#### Goal of the exercise:
Where the listing shows an image, skip it and output all other material unchanged.

#### Given data:
__________________________________________________

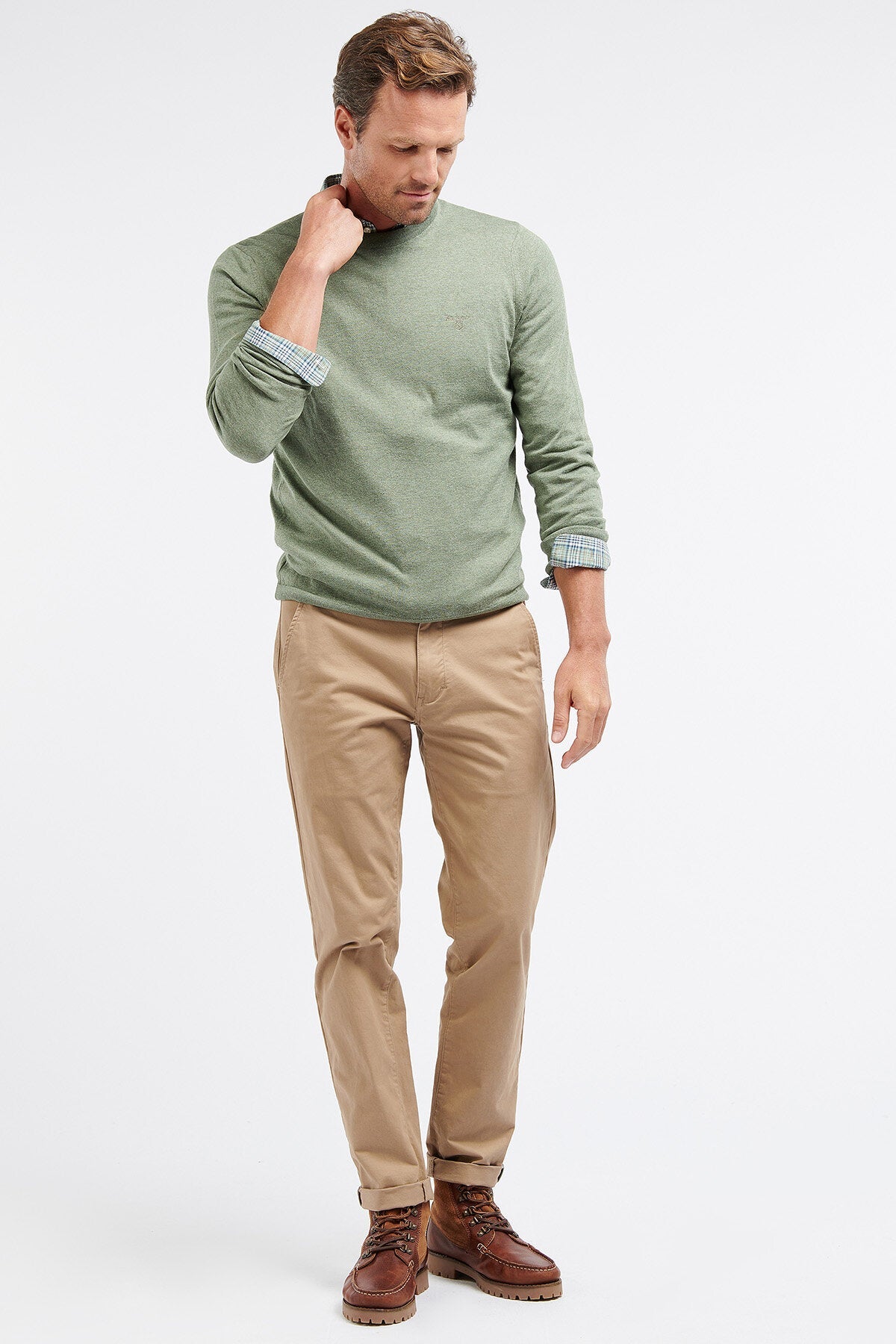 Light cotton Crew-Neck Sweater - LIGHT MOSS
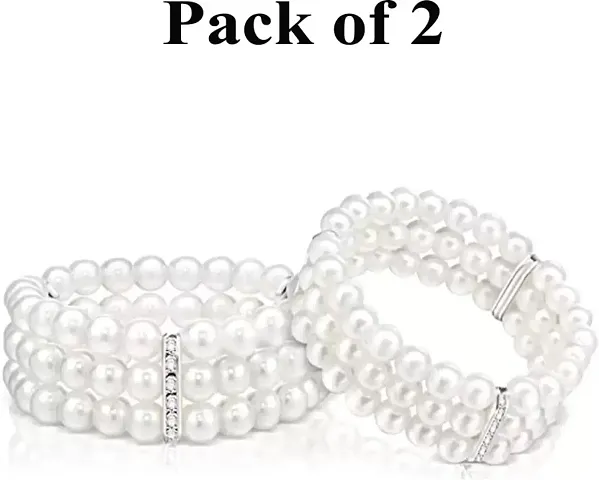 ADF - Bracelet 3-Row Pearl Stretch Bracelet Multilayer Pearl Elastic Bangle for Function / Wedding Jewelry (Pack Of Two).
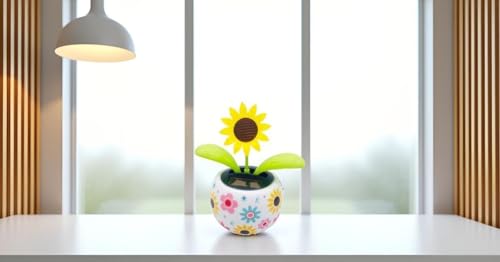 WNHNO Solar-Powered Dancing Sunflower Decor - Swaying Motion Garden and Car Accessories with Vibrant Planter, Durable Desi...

__________________________________________________

#### Exercise output:
 Light cotton Crew-Neck Sweater - LIGHT MOSS
 ADF - Bracelet 3-Row Pearl Stretch Bracelet Multilayer Pearl Elastic Bangle for Function / Wedding Jewelry (Pack Of Two).
 WNHNO Solar-Powered Dancing Sunflower Decor - Swaying Motion Garden and Car Accessories with Vibrant Planter, Durable Desi...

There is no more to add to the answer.